WORK ORDER: Copy, please, the line with "women backpack7" and each line that follows it through the end of the data below, exactly as given and without pictures.

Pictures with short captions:
• • • •
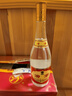 汾酒 黄盖玻汾 清香型高度白酒 53度 475mL*12瓶 整箱装 实拍图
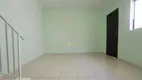 Foto 20 de Sobrado com 2 Quartos para alugar, 120m² em Centro, Osasco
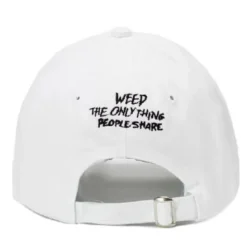 Hats*Boogzel Clothing Smoking Hands Dad Hat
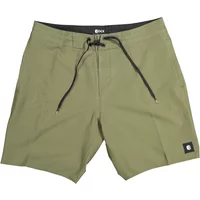 Badehose DCK Boardshorts Oaxaca 2.5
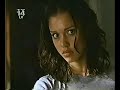 Dark Angel Preview/Trailer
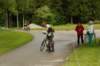 imgp1386_small.jpg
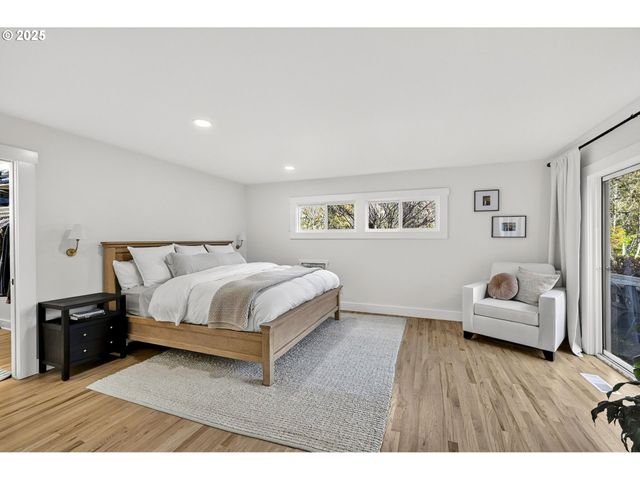 13162 Nw MCNAMEE Rd, Portland, OR 97231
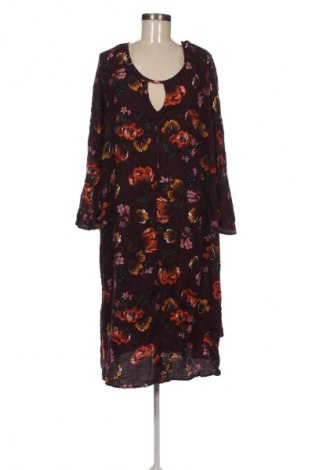 Sukienka Terra & Sky, Rozmiar XXL, Kolor Kolorowy, Cena 150,99 zł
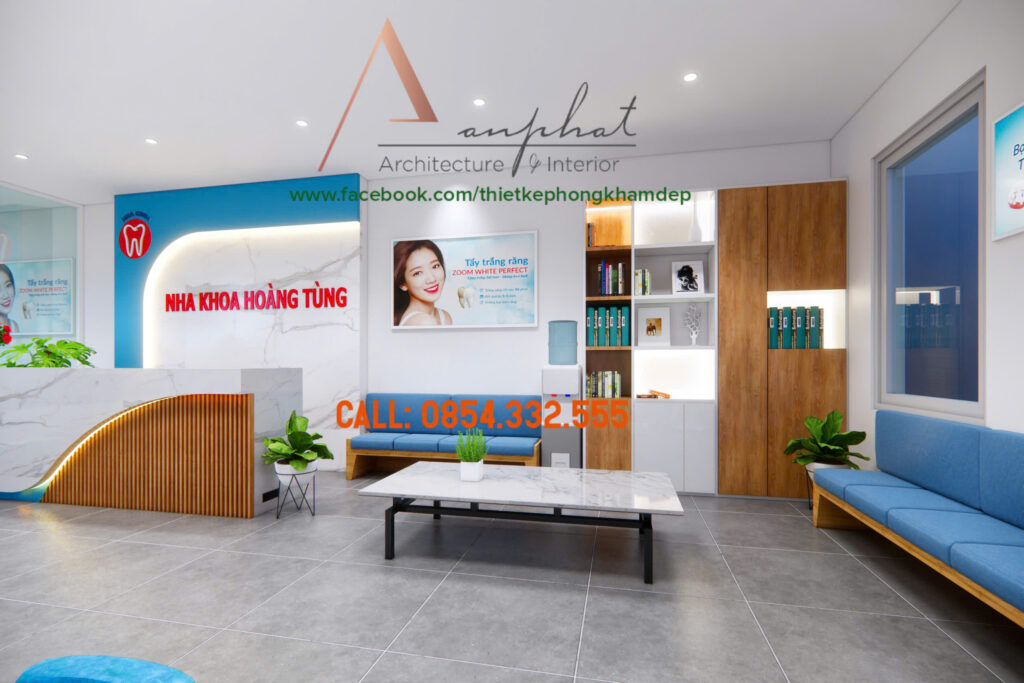 z6745497931638 583c7c66e744199311d96271e07bd534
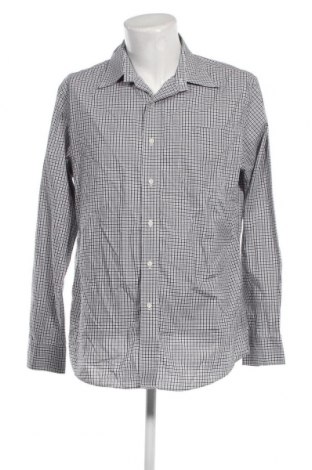 Ανδρικό πουκάμισο Ralph Lauren, Μέγεθος XL, Χρώμα Πολύχρωμο, Τιμή 25,74 €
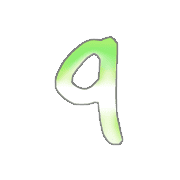 043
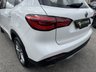 USED 2023 23 MG MG HS 1.5 T-GDI Excite SUV 5dr Petrol  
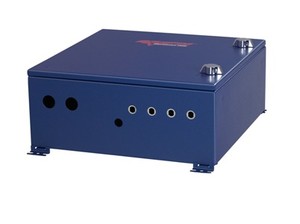 Nema Custom Enclosures-Image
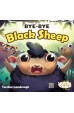Bye-Bye Black Sheep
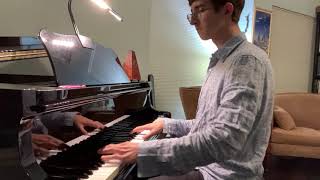 Linus & Lucy By Vince Guaraldi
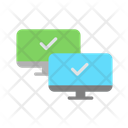 پیش‌نمایش فایل responsive-design-10235939 از پک سئو و خدمات توسعه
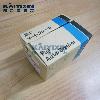 EA63B-3P-60A-FUJI-NBN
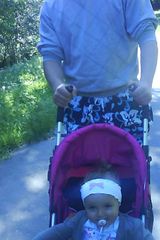 Benutzerfoto siwy90222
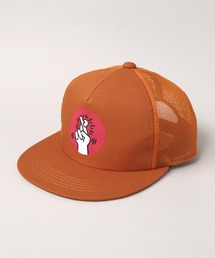 Ca4la カシラのキャップ通販 Zozotown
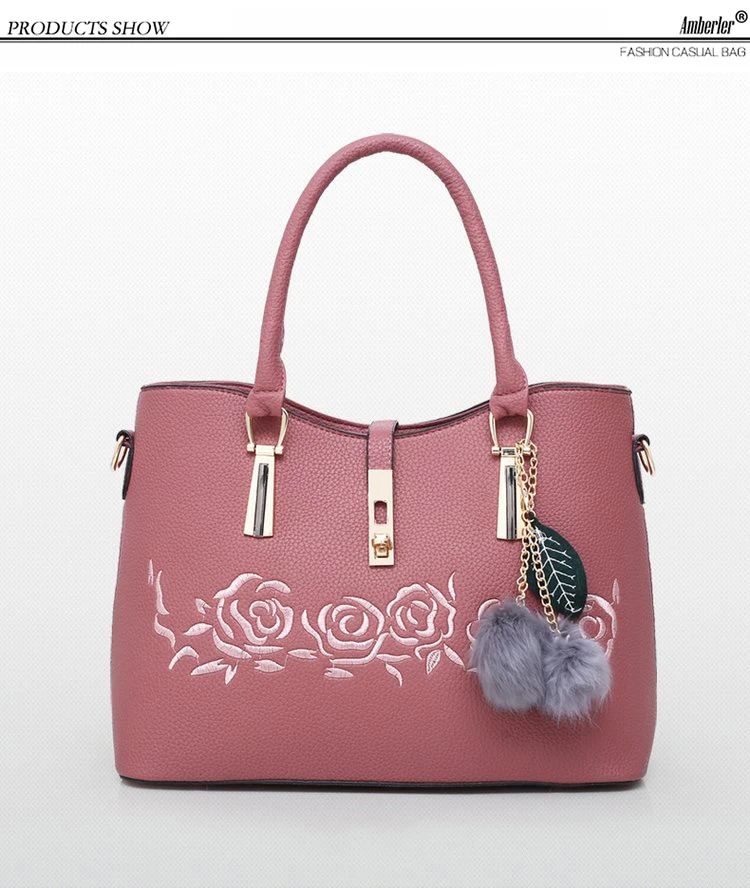 women backpack7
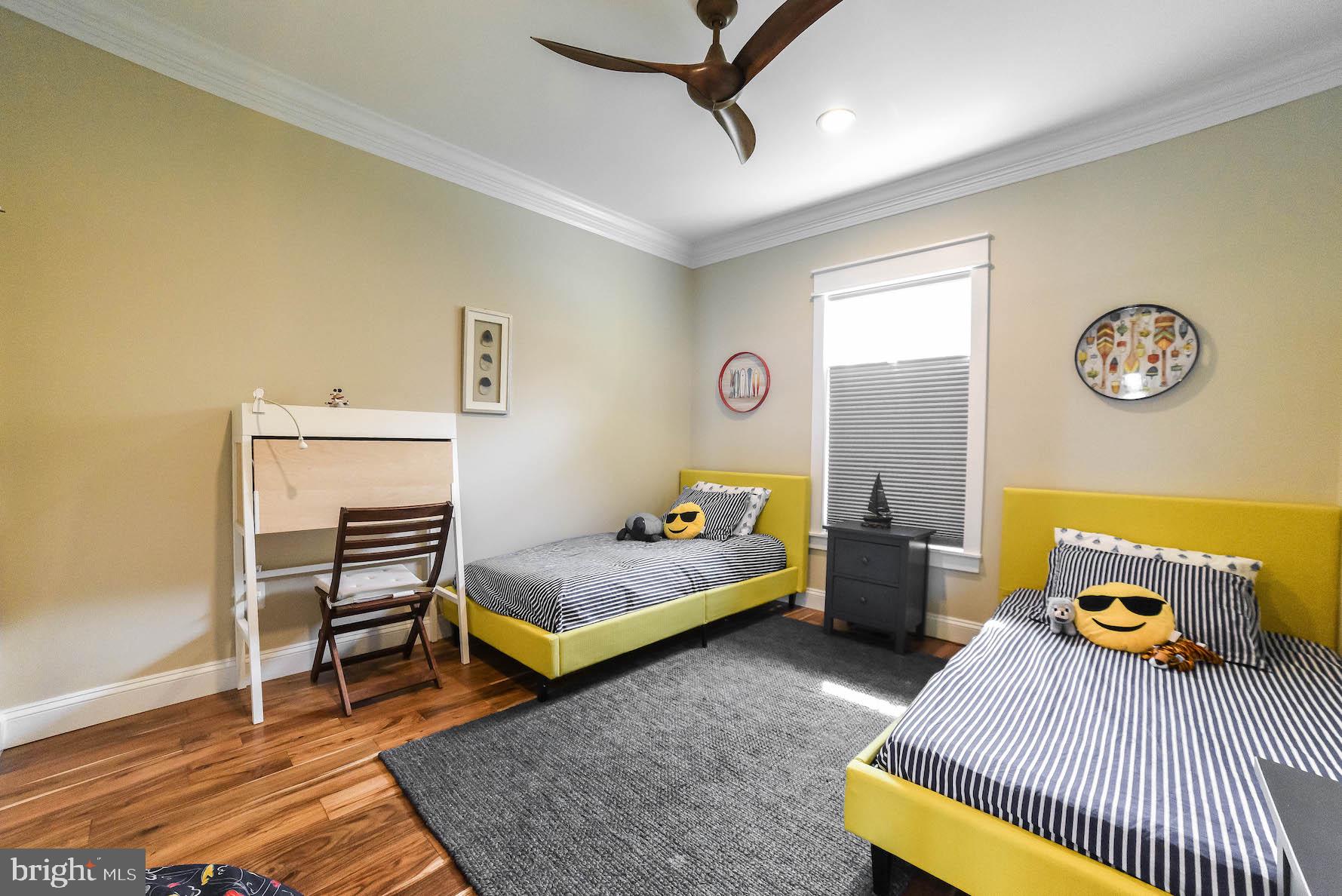 24774 Half Pone Point Road Hollywood, MD 20636 - Photo 27 of 51 Bedroom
• • • •
SOLVED PROBLEM:
 women backpack7
 24774 Half Pone Point Road Hollywood, MD 20636 - Photo 27 of 51 Bedroom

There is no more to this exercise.